# Instructions to follow:
Give again, exactly and only, the lines running from the one with "The model will" to the end of the material below; leave out pictures.

(Collected data Opens)

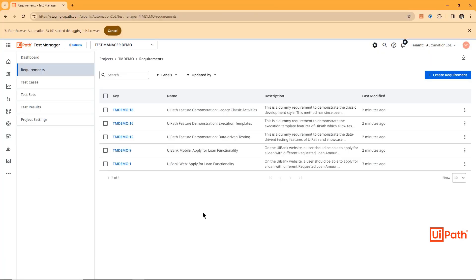And that concludes our quick demonstration of uploading test data into UiPath Test Manager. Till next time, bye!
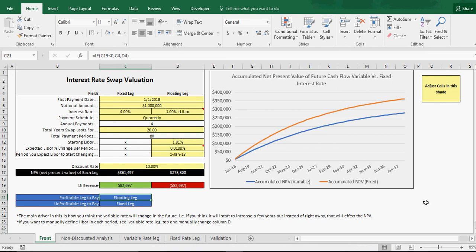The model will be on smarthelping.com, so you can just click on the link in the description box below, and it will take you to the page where you can check out and buy this template. Alright, that's all I've got for you today, and I'll see you on the next one.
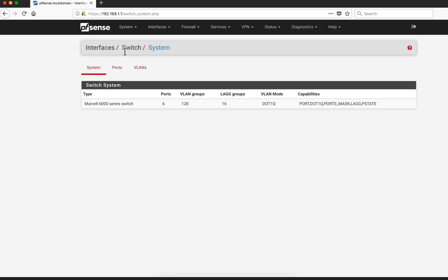If you go to Interface, Interface's Switch System, okay?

(Collected data Closes)

# Solution:
The model will be on smarthelping.com, so you can just click on the link in the description box below, and it will take you to the page where you can check out and buy this template. Alright, that's all I've got for you today, and I'll see you on the next one.
If you go to Interface, Interface's Switch System, okay?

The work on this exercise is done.